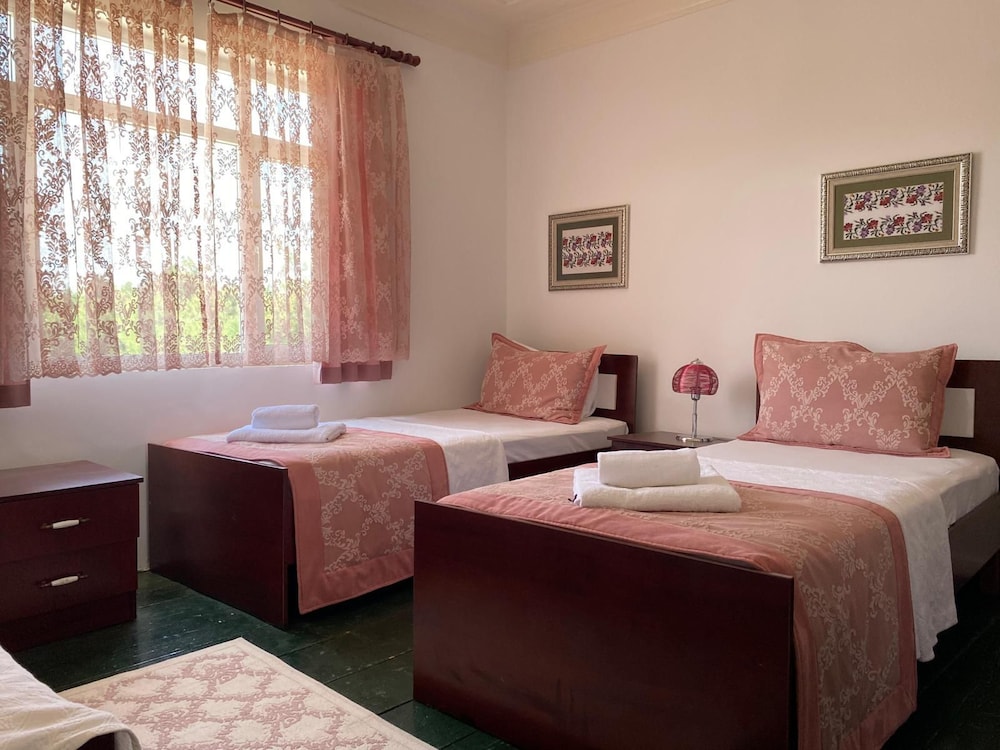 Premium Duplex, 2 Bedrooms, Park View photo 1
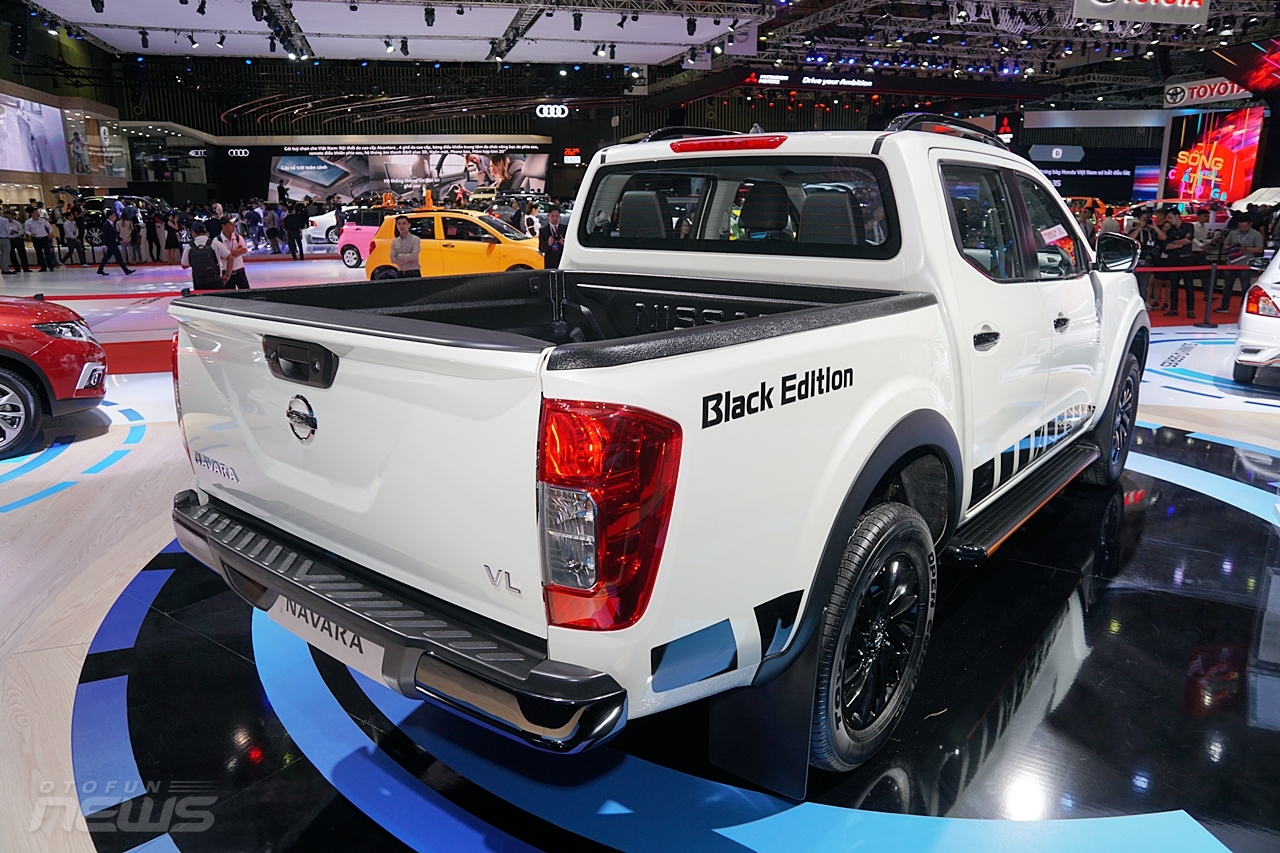 can canh phien ban dac biet nissan navara black edition a ivi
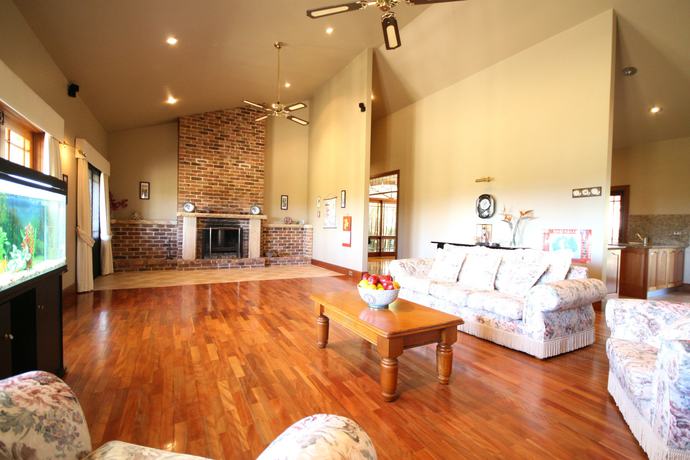 Imagen de los interiores del Hotel Relaxin. Foto 16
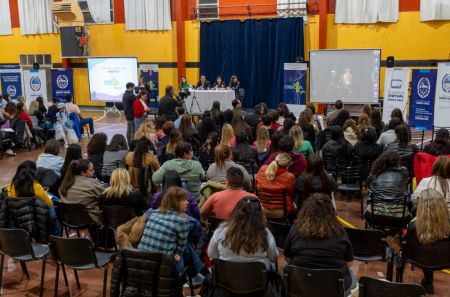 El Gobierno de Santa Cruz presentó el programa “Crecer Enredados”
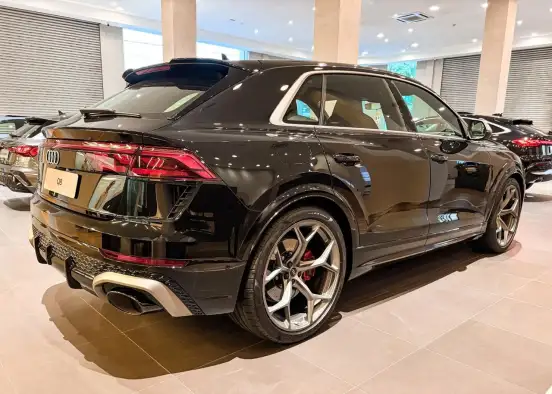AUDI-RS Q8-2025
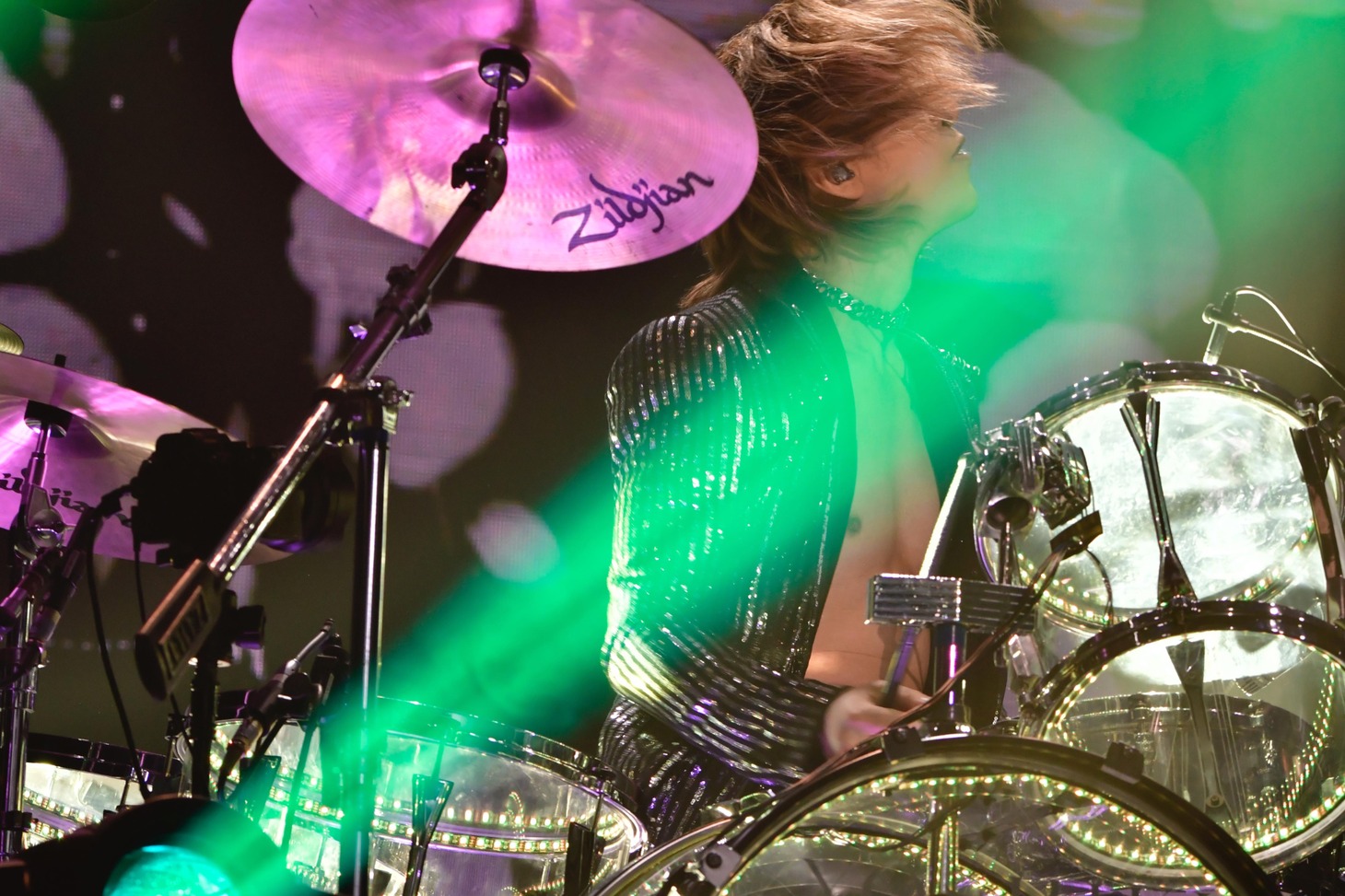 YOSHIKI（Dr, Piano）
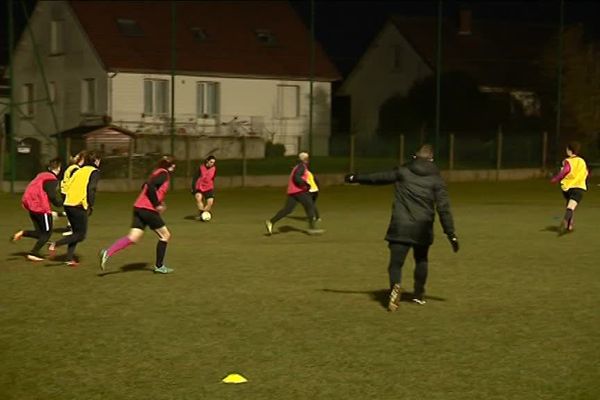 Les joueuses s'entraînent sur un terrain de foot du Mesnil-Esnard qui leur est réservé. 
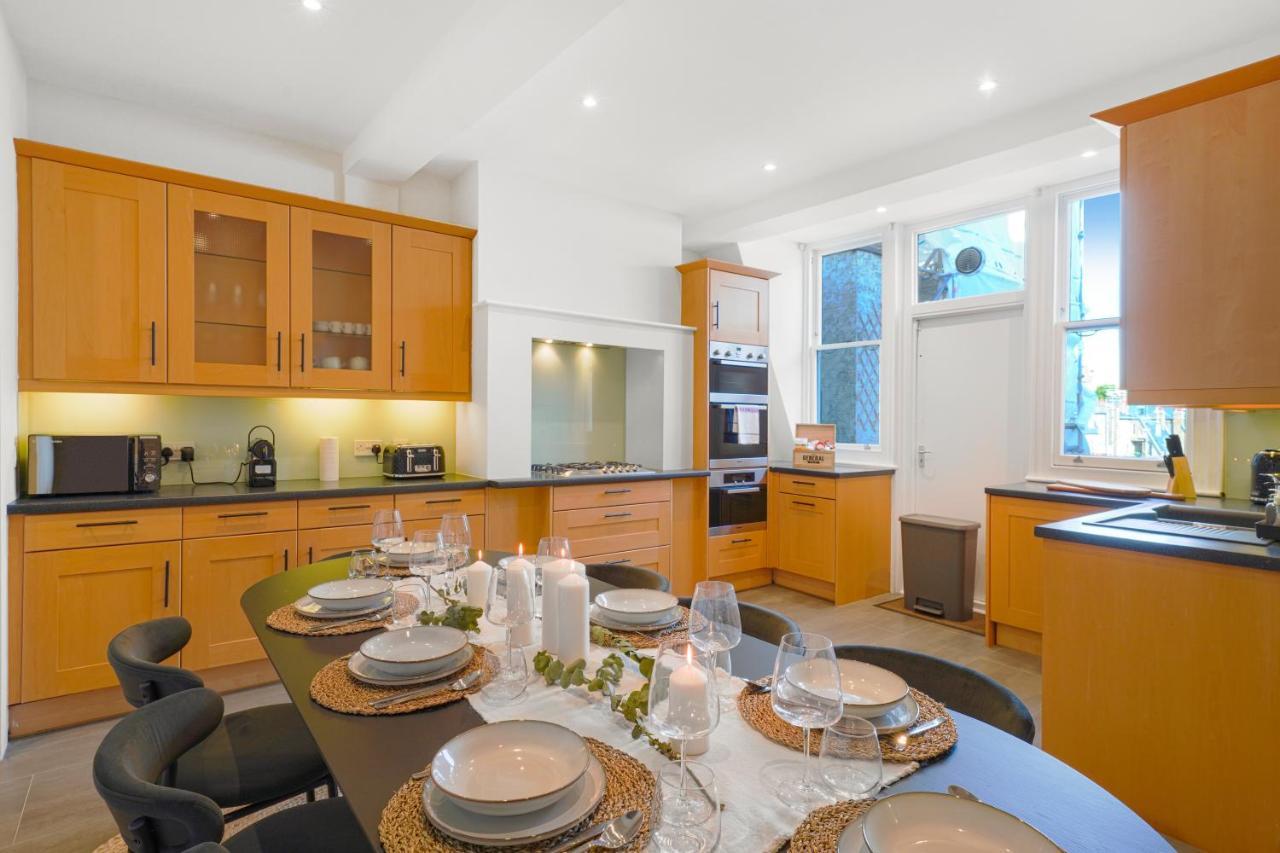 Spacious And Modern 4 Beds Home In Kensington Londra Esterno foto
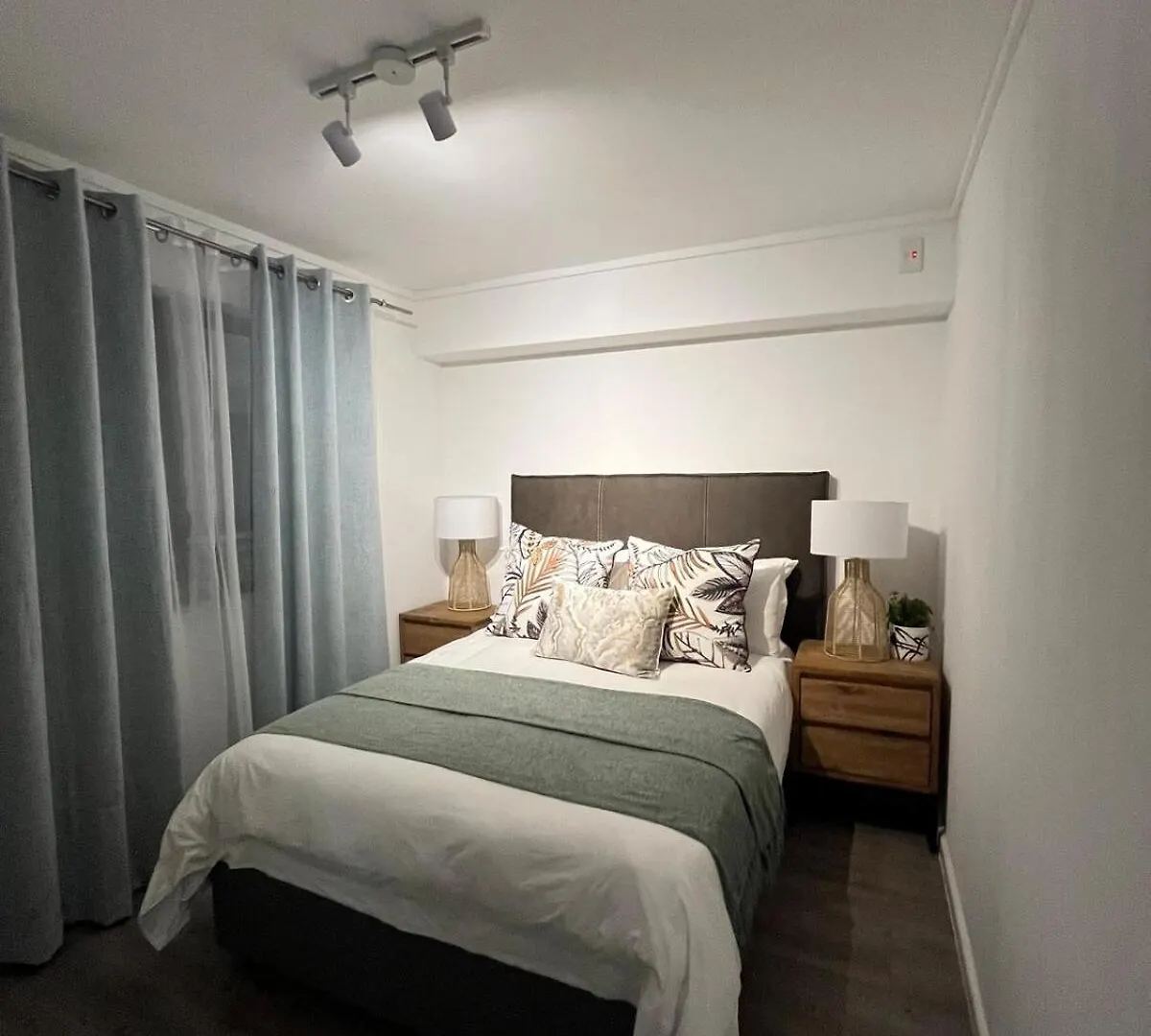 Cape Town Central- Rock Chambers 0*, Ciudad del Cabo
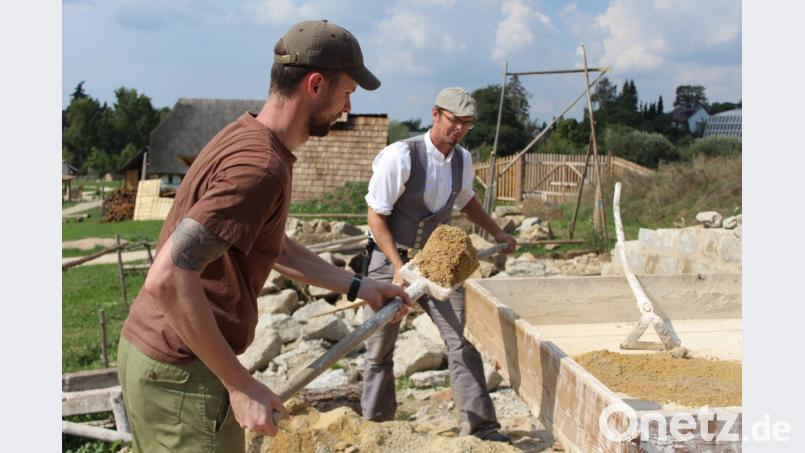 Muskeln statt Maschinen. Auf der Mittelalterbaustelle heißt es Kräfte einteilen. Bild: m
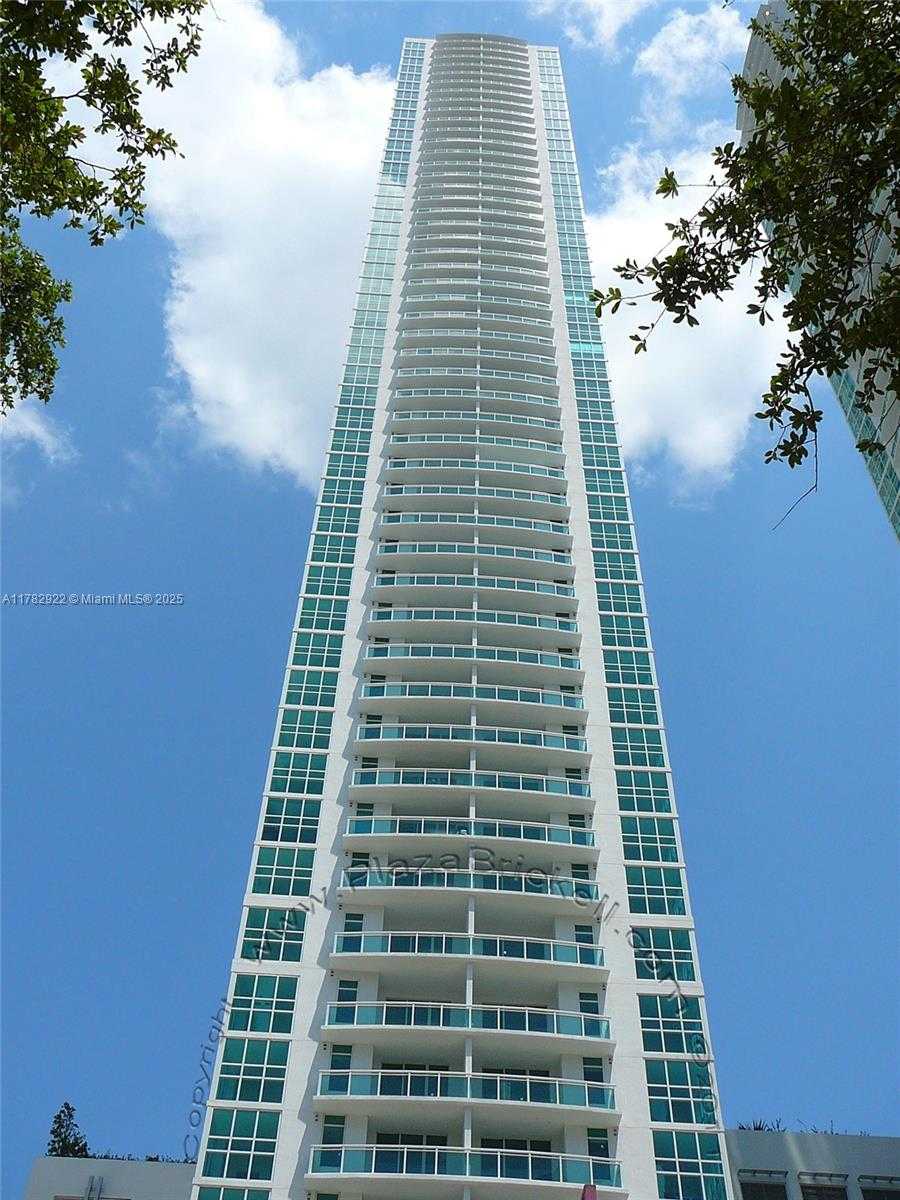 Small Image of 950 BRICKELL BAY DR #2509, Miami Number 43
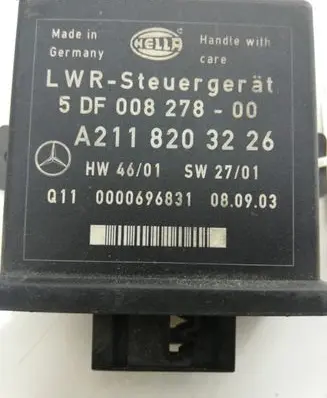 Mercedes-Benz E W211 Light module LCM A2118203226 5DF00827800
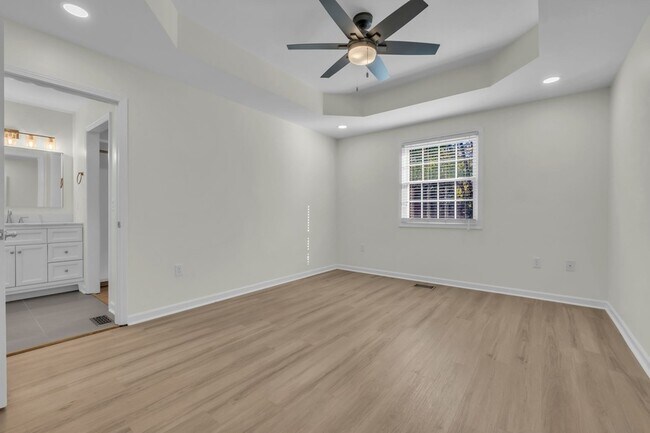 Building Photo - 129 Vintage Cir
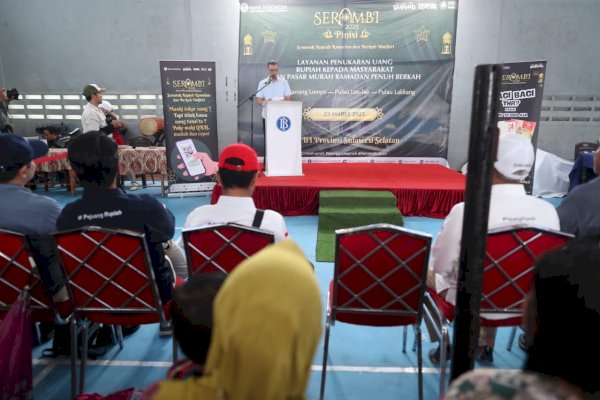 Plh Sekda Makassar Bersama Kepala BI Sulsel Buka Layanan Penukaran Uang dan Pasar Murah di Pulau Lae-lae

What is required: When pictures appear in the records above, leave them out and reproduce exactly each line from the first through the line containing "Les joueuses s'entraînent", both included.

Task response:
 Premium Duplex, 2 Bedrooms, Park View photo 1
 can canh phien ban dac biet nissan navara black edition a ivi
 Imagen de los interiores del Hotel Relaxin. Foto 16
 El Gobierno de Santa Cruz presentó el programa “Crecer Enredados”
AUDI-RS Q8-2025
 YOSHIKI（Dr, Piano）
 Les joueuses s'entraînent sur un terrain de foot du Mesnil-Esnard qui leur est réservé. 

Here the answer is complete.